◆ DATA SHOWN ◆

━━━━━━━━━━━━━━━━━━━━

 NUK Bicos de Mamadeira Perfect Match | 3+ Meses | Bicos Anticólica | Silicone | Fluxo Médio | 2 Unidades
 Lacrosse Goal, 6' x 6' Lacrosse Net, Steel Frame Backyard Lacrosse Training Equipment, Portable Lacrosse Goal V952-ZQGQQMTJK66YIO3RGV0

━━━━━━━━━━━━━━━━━━━━

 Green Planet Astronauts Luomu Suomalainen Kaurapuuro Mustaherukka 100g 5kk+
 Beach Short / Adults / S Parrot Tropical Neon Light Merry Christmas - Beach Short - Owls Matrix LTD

━━━━━━━━━━━━━━━━━━━━

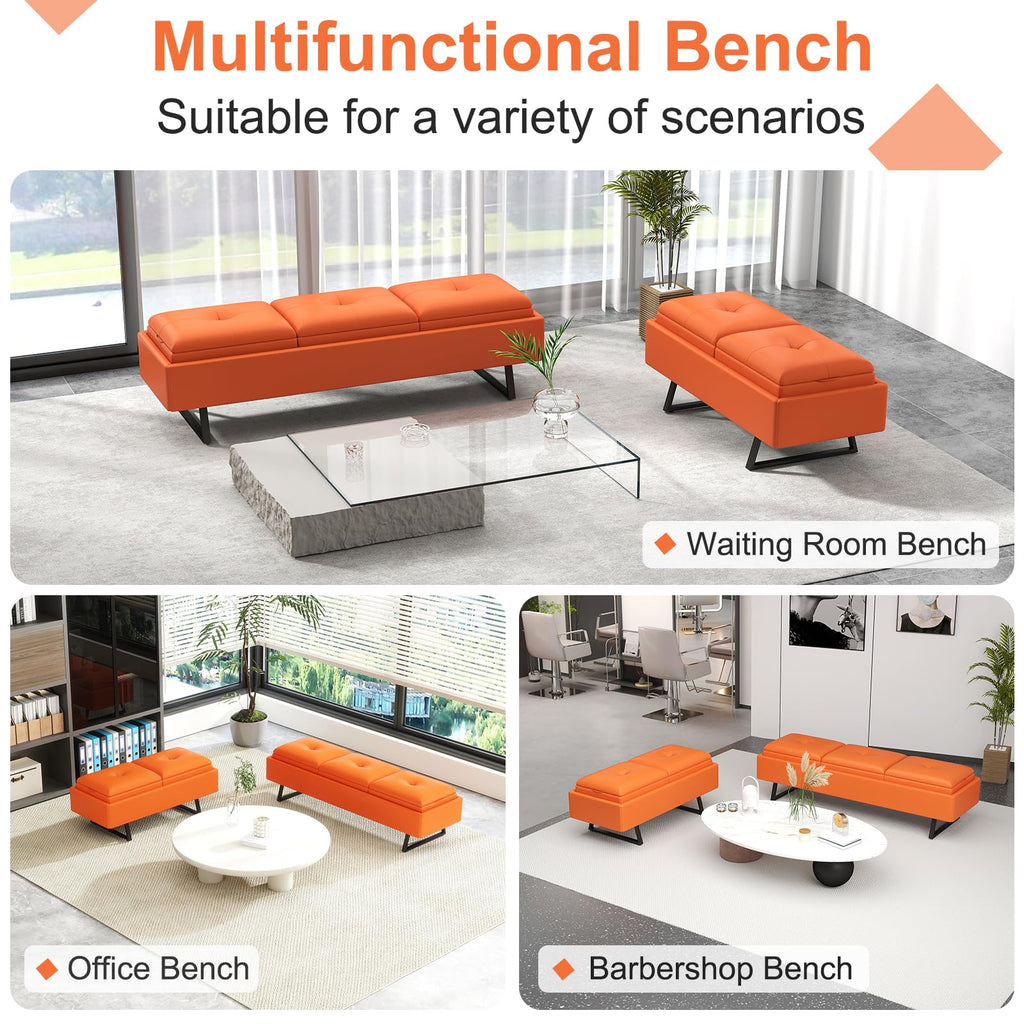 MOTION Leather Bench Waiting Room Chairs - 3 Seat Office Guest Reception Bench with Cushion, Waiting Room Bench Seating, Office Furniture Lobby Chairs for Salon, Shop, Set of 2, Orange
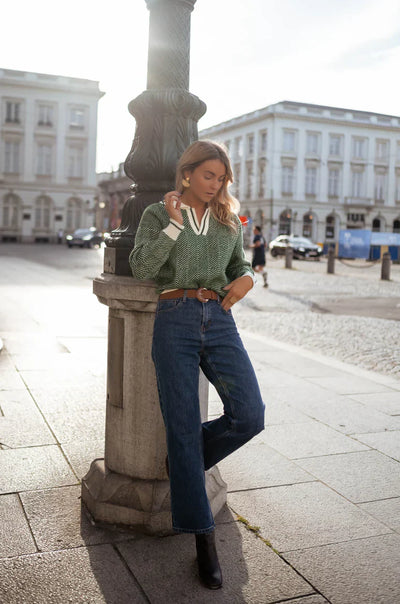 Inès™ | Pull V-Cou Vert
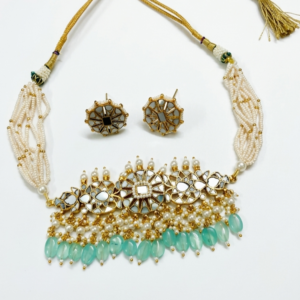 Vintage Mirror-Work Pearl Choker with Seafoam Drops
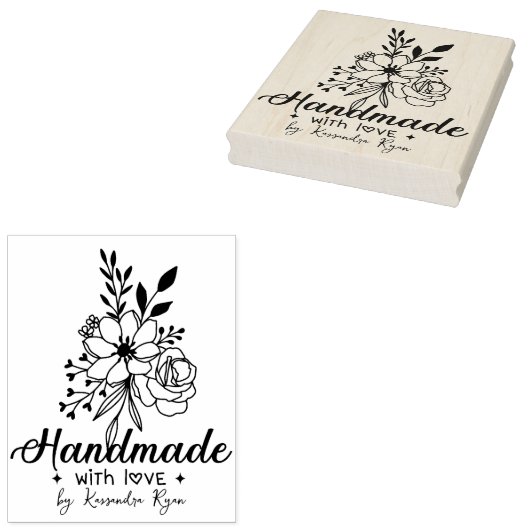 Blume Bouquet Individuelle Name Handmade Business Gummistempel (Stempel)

━━━━━━━━━━━━━━━━━━━━

Now transcribe the lines above exactly, starting at the line containing "Vintage Mirror-Work Pearl" and ending at the line containing "Blume Bouquet Individuelle", both lines included, pictures excluded.

 Vintage Mirror-Work Pearl Choker with Seafoam Drops
 Blume Bouquet Individuelle Name Handmade Business Gummistempel (Stempel)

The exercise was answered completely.